Für die Untersuchung rekrutierten die Wissenschaftler 20 gesunde junge Männer, die normalerweise sieben bis neun Stunden pro Nacht schlafen. Die Probanden durchliefen drei Szenarien: eine Nacht komplett ohne Schlaf, vier Nächte mit jeweils zwei Stunden weniger Schlaf als üblich sowie eine Kontrollbedingung mit rund acht Stunden Schlaf. Nach jeder Phase wurden Speichelproben entnommen und mittels hochauflösender Massenspektrometrie analysiert. Mithilfe von maschinellem Lernen suchte das Team nach molekularen Mustern, die spezifisch auf akuten Schlafentzug hinweisen.

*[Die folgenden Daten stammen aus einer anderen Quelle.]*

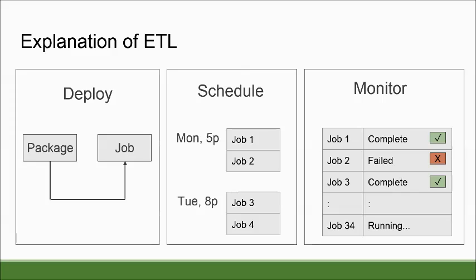On this slide, I show an example of what an ETL job would look like and its lifecycle. It's important to note that ETL is not one encompassing software — it's several softwares working together. We are creating a package in Visual Studio and deploying it to SQL Server Management Studio and creating a job. We can create several jobs and schedule them at different times — for example, Monday at 5pm and Tuesday at 8pm. We can also set up dependencies, monitoring, and notifications, so if job one fails, it can report to us or skip to another one.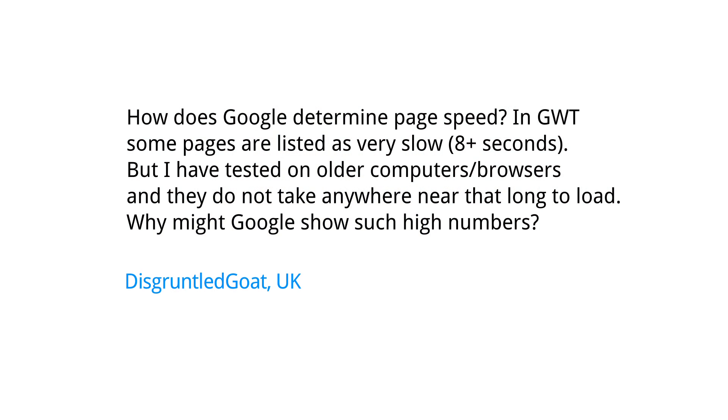Today we have a question from the United Kingdom. This is Disgruntled Goat, who wants to know how does Google determine page speed? In Google Webmaster Tools, some pages are listed as very slow — eight plus seconds. But I have tested on older computers and browsers, and they do not take anywhere near that long to load. Why might Google show such high numbers?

Die Auswertung ergab, dass starke Übermüdung rund zehn Prozent aller Biomoleküle im Speichel beeinflusst. Aus zehntausenden gemessenen Molekülen filterten die Forschenden schließlich zehn spezifische Biomarker heraus, die als Signatur für akuten Schlafmangel dienen könnten. Diese erstmals im Speichel identifizierten direkten Marker für Übermüdung unter alltagsnahen Bedingungen gelten aus Sicht der UZH als Grundlage für neue diagnostische Verfahren.

Langfristig zielt das Projekt auf die Entwicklung eines Schnelltests, der vor Ort eingesetzt werden könnte – etwa im Strassenverkehr, in sicherheitskritischen Berufen oder bei der forensischen Abklärung von Unfällen. Die Forschenden betonen jedoch, dass es sich derzeit um eine Grundlagenstudie mit einer kleinen und homogenen Probandengruppe handelt. Bevor ein solcher Speicheltest in der Praxis Anwendung findet, seien umfangreichere Untersuchungen mit grösseren und vielfältigeren Bevölkerungsgruppen erforderlich.